Daniel Yergin: Thank you, Nick. It's really great to be back with you and your audience.
Sciple: Great to have you here, lots to talk about. I want to pull a quote from your new epilog. You say quote, "Geophysical maps change very slowly, but political, technical, and economic maps can change very quickly revealing new topographies represent multiple challenges and need to be traversed with care and thought." You say, "That's the terrain we're in today." If you look out over the past year or so, what would you say is the biggest change to the map for energy that you've seen.
Yergin: The biggest change in the amount of energy is what happened to prices. A year ago, we're still in the pessimism of the collapse that come with the shutdown of the economy and the turnaround in markets has been expected, but it's come very fast and sadly you're having, I hate to use that cliche, the perfect storm, where you have certainly different things all coming together at the same time to disrupt supplies and send prices up to levels that have big impact on the global economy, and by the way disruptions in the country and then people's lives.
Sciple: Last time we had you on the show, oil prices, West Texas Intermediate, you're looking at around $39 a barrel today, as we record here, right around $75 a barrel, West Texas a year ago you had BP and some other saying, "Hey, peak oil demands might be here. " Now in the past month yet President Biden asking OPEC to increase oil production. How did we get here where there's such a swing and from this, demand has peaked so now demand is so high we need to beg OPEC to produce, what happened?

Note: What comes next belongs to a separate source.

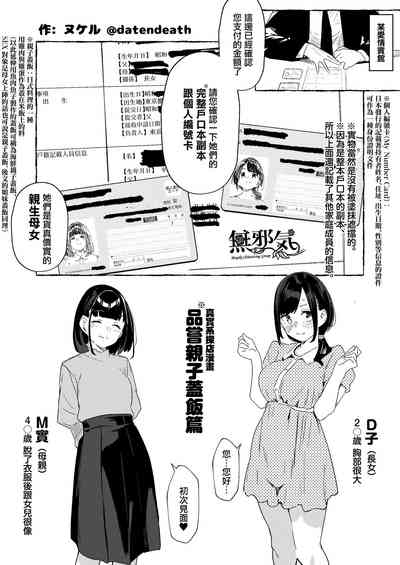 第1頁 封面 - HaSM.cc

Yergin: Isn't that quite surprising to have the president actually go into OPEC, even at the time when regulatorily it's putting restrictions on the domestic industry, so raised a lot of eyebrows. But it shows that Joe Biden has been around for a long time in Washington and he knows that high gasoline prices are not good for people who are incumbents in office. What's happened is what you pointed, we've had that recovery in the global economy, even with the variance and the resurgent waves of COVID and the world economy has come back pretty strongly. That means demand has come back pretty strongly. Suddenly you have China importing more than 25 percent more LNG than it did last year and running short of coal, because China is a workshop at the world and specifying the rest of the world. You have the pull-in demand, you have it in Europe, you have in the United States, oil demand is going to continue to grow for the next several years, maybe not evenly, but it will grow and at the same time, you've had a series of disruptions including few a hundred thousand barrels knocked out of the Gulf of Mexico that are still not operational. The gas market so tight. The people are now switching to oil. We calculate maybe 600,000 barrels a day of unexpected new demand for oil and that shows up. Where does it show up? It shows up in price.
Sciple: Who would you say are the winners and losers here as the market plays out? Certainly it's been a great year to be an energy producer, the S&P 500 energy sector really trouncing the overall market, but as you mentioned, supply chain issues, maybe it comes into inflation, when you think about winners and losers. Break that down for us.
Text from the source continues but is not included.